📝 SummarXiv

Abstract

Weakly Supervised Semantic Segmentation (WSSS) addresses the challenge of training segmentation models using only image-level annotations, eliminating the need for expensive pixel-level labeling. While existing methods struggle with precise object boundary localization and often focus only on the most discriminative regions, we propose IG-CAM (Instance-Guided Class Activation Mapping), a novel approach that leverages instance-level cues and influence functions to generate high-quality, boundary-aware localization maps.
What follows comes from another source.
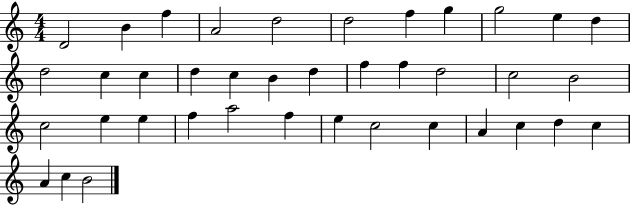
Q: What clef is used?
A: treble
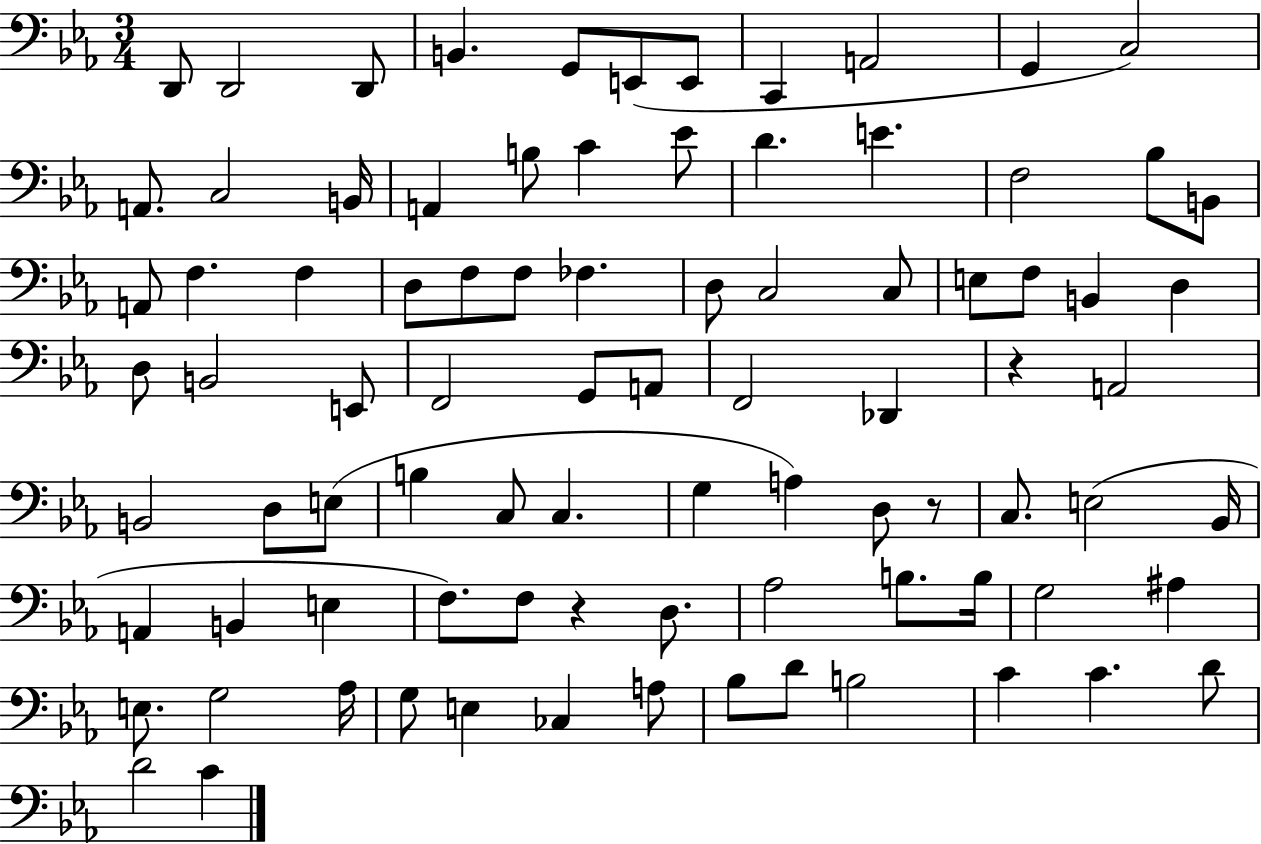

Our method introduces three key innovations: (1) Instance-Guided Refinement that uses ground truth segmentation masks to guide CAM generation, ensuring complete object coverage rather than just discriminative parts; (2) Influence Function Integration that captures the relationship between training samples and model predictions, leading to more robust feature representations; and (3) Multi-Scale Boundary Enhancement that employs progressive refinement strategies to achieve sharp, precise object boundaries. IG-CAM achieves state-of-the-art performance on the PASCAL VOC 2012 dataset with an mIoU of 82.3% before post-processing, which further improves to 86.6% after applying Conditional Random Field (CRF) refinement, significantly outperforming previous WSSS methods. Our approach demonstrates superior localization accuracy, with complete object coverage and precise boundary delineation, while maintaining computational efficiency. Extensive ablation studies validate the contribution of each component, and qualitative comparisons across 600 diverse images showcase the method's robustness and generalization capability. The results establish IG-CAM as a new benchmark for weakly supervised semantic segmentation, offering a practical solution for scenarios where pixel-level annotations are unavailable or prohibitively expensive.